L’existence de ce conflit entretenu publiquement met en exergue une réalité du gouvernement de l’Alliance du Changement : l’inexistence d’espace ou de structure où ceux qui sont dans le même équipe, mais ne partagent pas la même vision, peuvent échanger, discuter et faire les compromis nécessaires pour avancer. L’autre réalité de cette alliance est que le leader évite soigneusement de prendre position, semble aimer laisser pourrir la situation en écoutant les uns et les autres sans trancher, jusqu’à ce que le conflit devienne public. Au lieu d’assumer son rôle de médiateur, qui intervient, il se contente de jouer au spectateur.

Cela a déjà été le cas dans l’affaire Sithanen/Sanspeur, qui aurait dû avoir servi de leçon pour éviter l’affrontement Bérenger/Beegoo. Il s’est passé de longues semaines pendant lesquelles l’ex-Gouverneur de la Banque de Maurice et son ex-second adjoint se sont affrontés. D’abord, par des fuites savamment orchestrées de part et d’autre, puis par des attaques de plus en plus frontales à travers la presse, avec des documents papier ou sonores démontrant que l’ex-no. 2 n’avait pas tout à fait tort en dénonçant les agissements du fils du no. 1. Ce que père et fils ont démenti par des actions en justice – qui dureront si longtemps qu’on aura oublié de quoi il était question –, quand les jugements seront rendus. Si aucun accord « out of court » n’est trouvé d’ici là. Ce triste épisode a mis à mal la réputation, donc la crédibilité de la principale institution financière du pays, sans que le PM n’intervienne. Une réunion avec les deux protagonistes, qu’il aurait présidée en tapant sur la table, aurait pu mettre fin à la situation malsaine qui s’installait. Elle n’a jamais eu lieu. C’est le même scénario qui a été adopté dans l’affaire VPM/ Président agissant comme un PDG d’Air Mauritius.
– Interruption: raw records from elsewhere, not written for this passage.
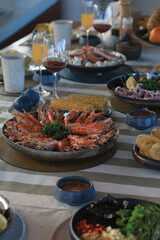 Dining table located on a cruise ship Tourist boats, seafood, drinks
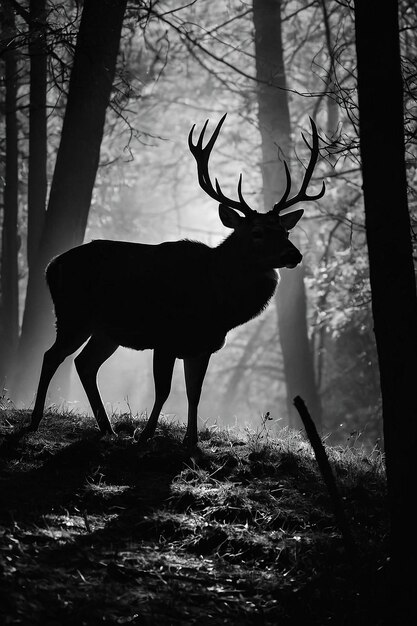 cervo em silhueta arte de parede no estilo de philippe halsman beleza misteriosa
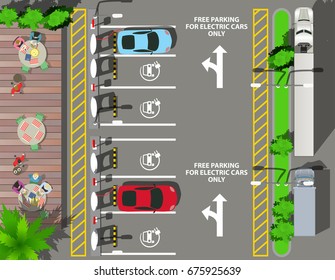 Top View Free Parking For Electric Cars Only Restaurant Near Parking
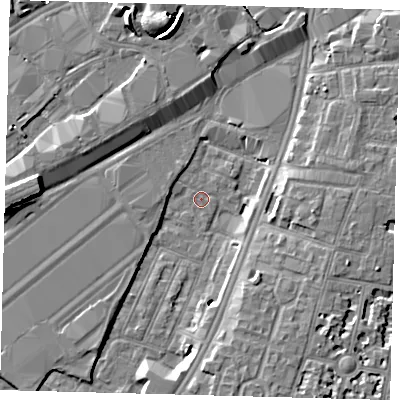 Shaded relief map of the ground around SW84SE, computed from Environment Agency LiDAR. The ground here sits at about 2 m above sea level and falls 15 m across the surrounding 800 m. Surface water reaching this point runs off ground lying to the north, 8.0 m higher.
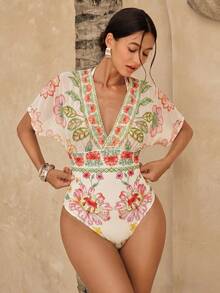 Swim Chiccia Áo tắm liền thân lưới thoáng khí họa tiết Boho Nam Mỹ dành cho nữ, có khả năng kiểm soát vùng bụng. - Màu be - Xem 1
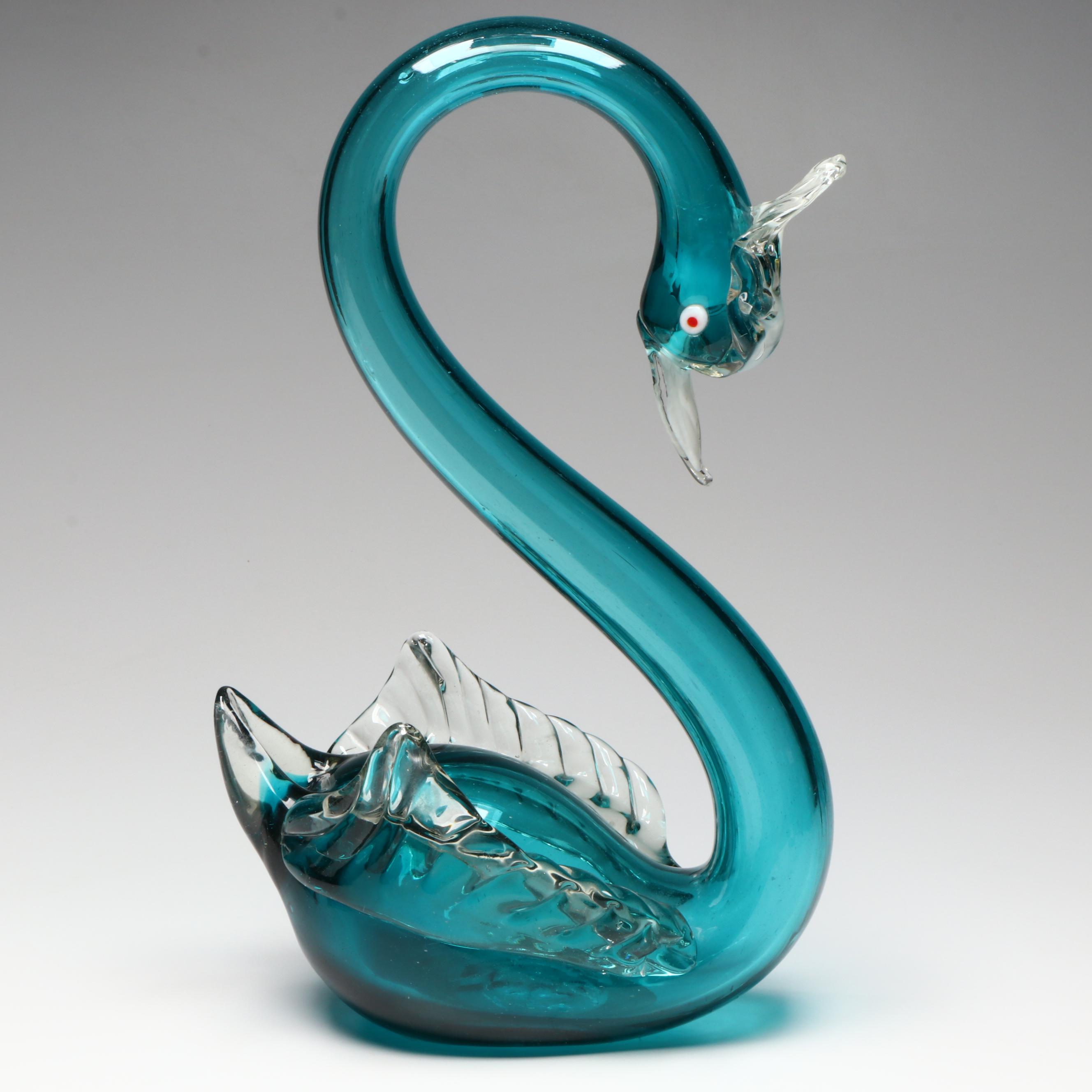 Murano Style Art Glass Aqua Blue Swan Figurine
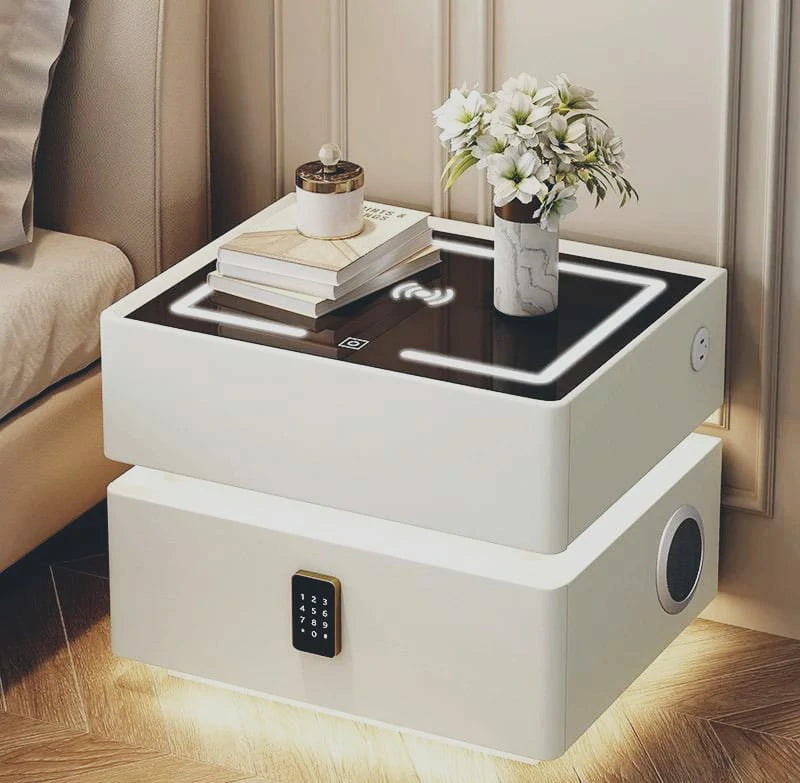 Smart Bedside Table with Wireless Charging, Bluetooth Speaker & Digital Lock Drawer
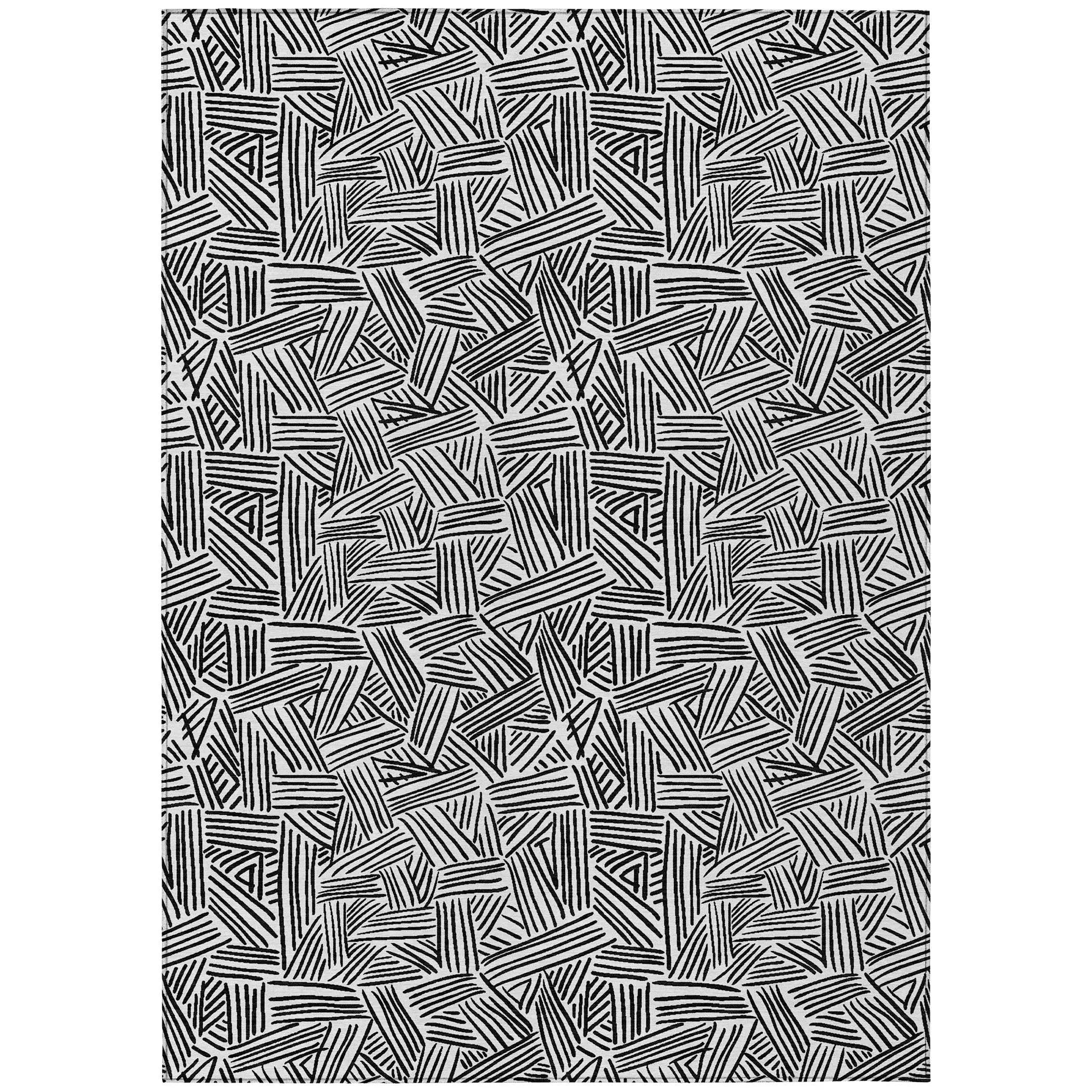 3' X 5' White And Beige Geometric Washable Indoor Outdoor Area Rug Homeroots Outdoor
Comme dans le cas Sithanen, la problème Beegoo relève d’une autre des caractéristiques de Navin Ramgoolam : le choix de ses nominés et son incapacité manifeste à les faire rentrer dans les rangs. Dans les deux cas, Navin Ramgoolam a choisi des hommes avec du caractère – du très mauvais, disent leurs adversaires –, dotés d’egos surdimensionnés qui, rapidement après leur nomination, oublient qu’ils ne sont que des locataires dans le cadre d’un contrat à durée déterminée, pour se comporter comme des propriétaires n’ayant de compte à rendre à personne. Ils ont été encouragés dans cette attitude par le silence de Navin Ramgoolam qui, en ne disant mot, a laissé croire implicitement (sciemment ?) qu’il les comprenait. Ce qui a permis à l’un et à l’autre de proclamer qu’ils bénéficiaient de son soutien. Jusqu’à ce que l’un et l’autre soient invités (obligés ?) à soumettre leur démission. Deux démissions à la tête de deux des plus importantes institutions du pays, c’est beaucoup pour un gouvernement qui n’a pas encore un an et qui s’est proclamé comme l’incarnation du changement après les méthodes du passé. Espérons pour le pays que Navin Ramgoolam tirera la leçon qui s’impose de l’affaire Bérenger/Beegoo et fera tout pour éviter la réalisation du proverbe qui affirme : jamais deux sans trois.